Given records section start

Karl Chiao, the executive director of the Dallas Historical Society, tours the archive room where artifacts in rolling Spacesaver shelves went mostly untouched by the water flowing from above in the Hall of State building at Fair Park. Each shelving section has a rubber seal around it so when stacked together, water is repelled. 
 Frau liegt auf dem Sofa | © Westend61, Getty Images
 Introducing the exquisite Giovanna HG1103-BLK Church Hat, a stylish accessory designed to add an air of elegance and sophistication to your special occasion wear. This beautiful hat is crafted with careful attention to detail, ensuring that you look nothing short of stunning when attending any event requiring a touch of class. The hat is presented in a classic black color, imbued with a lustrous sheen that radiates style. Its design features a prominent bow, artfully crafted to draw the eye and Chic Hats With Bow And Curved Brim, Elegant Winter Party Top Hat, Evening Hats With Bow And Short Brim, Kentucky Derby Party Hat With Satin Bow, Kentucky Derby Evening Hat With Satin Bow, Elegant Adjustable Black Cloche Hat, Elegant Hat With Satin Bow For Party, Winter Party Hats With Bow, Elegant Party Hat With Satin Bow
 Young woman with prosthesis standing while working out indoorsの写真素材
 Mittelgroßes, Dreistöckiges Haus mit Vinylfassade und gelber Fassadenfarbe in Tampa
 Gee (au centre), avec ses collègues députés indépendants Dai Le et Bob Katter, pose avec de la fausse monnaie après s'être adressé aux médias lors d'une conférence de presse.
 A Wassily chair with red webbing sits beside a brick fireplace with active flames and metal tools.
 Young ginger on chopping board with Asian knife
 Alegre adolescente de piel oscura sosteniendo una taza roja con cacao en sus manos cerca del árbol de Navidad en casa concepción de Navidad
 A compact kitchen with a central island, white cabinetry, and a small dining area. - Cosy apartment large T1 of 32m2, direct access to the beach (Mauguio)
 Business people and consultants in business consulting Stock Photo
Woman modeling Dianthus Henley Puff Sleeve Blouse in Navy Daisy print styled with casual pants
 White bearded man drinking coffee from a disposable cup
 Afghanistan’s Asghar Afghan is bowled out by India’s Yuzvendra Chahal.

Given records section end

Problem description – Beginning at the top of the records above, transcribe each line exactly up to and including the line that holds "Frau liegt auf".

Exercise output –
Karl Chiao, the executive director of the Dallas Historical Society, tours the archive room where artifacts in rolling Spacesaver shelves went mostly untouched by the water flowing from above in the Hall of State building at Fair Park. Each shelving section has a rubber seal around it so when stacked together, water is repelled. 
 Frau liegt auf dem Sofa | © Westend61, Getty Images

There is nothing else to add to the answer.